Où se passe cette scène tragique ? Vous avez sans doute une idée. Et sûrement géolocalisé un lieu sur le GPS de l’horreur mondialisée. Avec en plus des images quasiment en temps réel du sang qui coule. Comme d’autres géolocalisaient (certes moins vite et pas en direct) de bouche à oreille, ou à travers des journaux papiers, les lieux de la folie meurtrière des tranchées du jeune siècle dernier. Puis deux décennies plus tard, les camps de la mort. Notre siècle n’a donc pas le monopole de l’abominable. Même si les bruits de bottes de l’antisémitisme, du racisme, et d’autres haines, se font réentendre un peu partout sur notre vieille terre moribonde. Revenons à nos jours et à cette scène tirée de la réalité. Celle d’un moment de guerre.
Sûrement que, si vous aviez plus d’éléments sur les adversaires, vous vous vous situerez. Rares celles et ceux ne penchant pas d’un côté ou de l’autre. Rien de plus naturel qu’une inclination pour telle ou telle cause. Le choix d’un camp contre l’autre. Souvent, on est du côté des « siens » ou de celles et ceux qui nous ressemblent. Mais le plus important est de quelle manière on penche. De quelle façon on vit et pense son choix d’un camp. Avec des œillères comme certains et certaines ? Capable de penser plus loin que son émotion légitime ? Malgré la souffrance de la perte de chers proches ; encore assez d’humanité irréversible pour une empathie multiprises ? Des questions essentielles. Et l’avenir découlera des réponses. Paix ou guerre à perpétuité ?

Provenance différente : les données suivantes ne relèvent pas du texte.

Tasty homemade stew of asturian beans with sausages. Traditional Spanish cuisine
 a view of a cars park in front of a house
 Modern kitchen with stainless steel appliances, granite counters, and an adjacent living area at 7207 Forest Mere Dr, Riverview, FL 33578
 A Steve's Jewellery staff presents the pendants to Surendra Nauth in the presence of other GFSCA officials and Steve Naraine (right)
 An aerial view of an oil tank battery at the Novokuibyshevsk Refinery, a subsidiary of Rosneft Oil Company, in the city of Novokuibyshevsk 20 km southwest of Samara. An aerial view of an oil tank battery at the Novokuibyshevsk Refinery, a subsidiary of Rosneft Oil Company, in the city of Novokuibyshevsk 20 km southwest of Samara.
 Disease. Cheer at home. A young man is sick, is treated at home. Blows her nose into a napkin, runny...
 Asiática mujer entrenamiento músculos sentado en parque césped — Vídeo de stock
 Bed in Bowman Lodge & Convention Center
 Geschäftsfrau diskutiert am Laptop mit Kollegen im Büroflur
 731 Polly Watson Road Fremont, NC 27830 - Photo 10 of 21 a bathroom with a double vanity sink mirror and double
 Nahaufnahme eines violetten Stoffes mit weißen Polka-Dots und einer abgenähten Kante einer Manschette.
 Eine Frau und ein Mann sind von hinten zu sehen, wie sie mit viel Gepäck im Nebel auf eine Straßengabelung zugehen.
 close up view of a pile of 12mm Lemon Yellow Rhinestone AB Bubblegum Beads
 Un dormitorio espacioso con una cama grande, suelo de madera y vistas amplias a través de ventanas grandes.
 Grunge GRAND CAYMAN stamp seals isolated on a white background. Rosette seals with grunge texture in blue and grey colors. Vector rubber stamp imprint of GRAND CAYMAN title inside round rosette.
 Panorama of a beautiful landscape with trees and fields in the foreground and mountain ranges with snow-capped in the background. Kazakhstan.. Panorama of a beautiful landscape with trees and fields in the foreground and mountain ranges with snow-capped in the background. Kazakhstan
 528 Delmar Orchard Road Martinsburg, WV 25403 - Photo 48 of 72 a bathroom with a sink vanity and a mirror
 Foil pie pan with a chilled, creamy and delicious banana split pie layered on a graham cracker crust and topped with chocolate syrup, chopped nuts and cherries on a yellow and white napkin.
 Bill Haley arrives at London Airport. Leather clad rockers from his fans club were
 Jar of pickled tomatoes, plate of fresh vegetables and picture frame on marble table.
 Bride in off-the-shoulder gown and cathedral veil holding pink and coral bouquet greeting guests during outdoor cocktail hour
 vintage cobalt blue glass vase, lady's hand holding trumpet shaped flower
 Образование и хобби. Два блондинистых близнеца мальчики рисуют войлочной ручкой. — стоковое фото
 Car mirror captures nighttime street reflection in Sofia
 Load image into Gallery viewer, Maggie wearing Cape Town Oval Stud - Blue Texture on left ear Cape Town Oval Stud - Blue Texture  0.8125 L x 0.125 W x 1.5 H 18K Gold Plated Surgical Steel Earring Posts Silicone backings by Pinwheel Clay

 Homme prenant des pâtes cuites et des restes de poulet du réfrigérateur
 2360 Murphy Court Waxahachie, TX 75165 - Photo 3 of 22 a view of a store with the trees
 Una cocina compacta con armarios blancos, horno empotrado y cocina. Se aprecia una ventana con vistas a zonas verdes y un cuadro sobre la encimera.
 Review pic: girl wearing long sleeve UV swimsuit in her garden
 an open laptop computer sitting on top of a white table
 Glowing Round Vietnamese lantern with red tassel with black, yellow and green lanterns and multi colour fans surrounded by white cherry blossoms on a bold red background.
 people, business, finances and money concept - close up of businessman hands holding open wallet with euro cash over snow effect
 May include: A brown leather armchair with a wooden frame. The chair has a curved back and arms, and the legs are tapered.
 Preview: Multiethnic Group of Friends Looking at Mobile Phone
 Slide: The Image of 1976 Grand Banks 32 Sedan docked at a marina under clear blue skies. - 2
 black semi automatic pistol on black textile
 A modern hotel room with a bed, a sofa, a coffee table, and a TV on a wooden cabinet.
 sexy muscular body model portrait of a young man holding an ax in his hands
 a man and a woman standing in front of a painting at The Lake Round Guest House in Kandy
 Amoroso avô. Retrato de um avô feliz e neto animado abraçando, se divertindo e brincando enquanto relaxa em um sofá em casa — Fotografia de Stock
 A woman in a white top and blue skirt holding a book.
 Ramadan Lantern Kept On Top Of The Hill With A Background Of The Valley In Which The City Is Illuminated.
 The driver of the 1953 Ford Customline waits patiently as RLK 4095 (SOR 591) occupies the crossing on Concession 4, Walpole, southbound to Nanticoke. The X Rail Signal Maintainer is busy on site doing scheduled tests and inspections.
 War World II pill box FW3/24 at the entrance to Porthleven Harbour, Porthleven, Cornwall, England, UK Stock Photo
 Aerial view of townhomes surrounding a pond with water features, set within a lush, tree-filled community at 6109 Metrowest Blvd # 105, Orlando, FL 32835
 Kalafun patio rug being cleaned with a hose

Déjà trop de digressions ? Vous voulez savoir où se situe cet abominable ? Quelle région du monde ? Juste une dernière digression. Un 11 septembre, la une d’un journal du soir titrait : Nous sommes tous américains. Une réaction très forte face à une telle horreur. Avec peu après des manifestations monstres contre la guerre en Irak et pour la paix. Puis il y a eu les différents « Jesuis ». Dont celui de Charlie, Samuel Paty, et d’autres saines réactions contre l’horreur en France et partout sur la planète. La liste des horreurs perpétrées par notre espèce est longue. À mon avis, aucun drapeau n’a les mains propres. Ni aucune cause juste ou ignoble. Ni un pays, ni un être est parfait. Nous avons des exemples dans l’histoire d’hier et d’aujourd’hui. Halte au catalogage du pire de notre espèce. Trop facile de la dégommer sans cesse. Notre espèce sait aussi se montrer belle et généreuse. Concluons plutôt avec ces empathies qui honorent notre humanité restée debout. Et si on continuait pour tous les 11 septembre en cours sur la planète ?
Nous sommes tous des regards de poussière.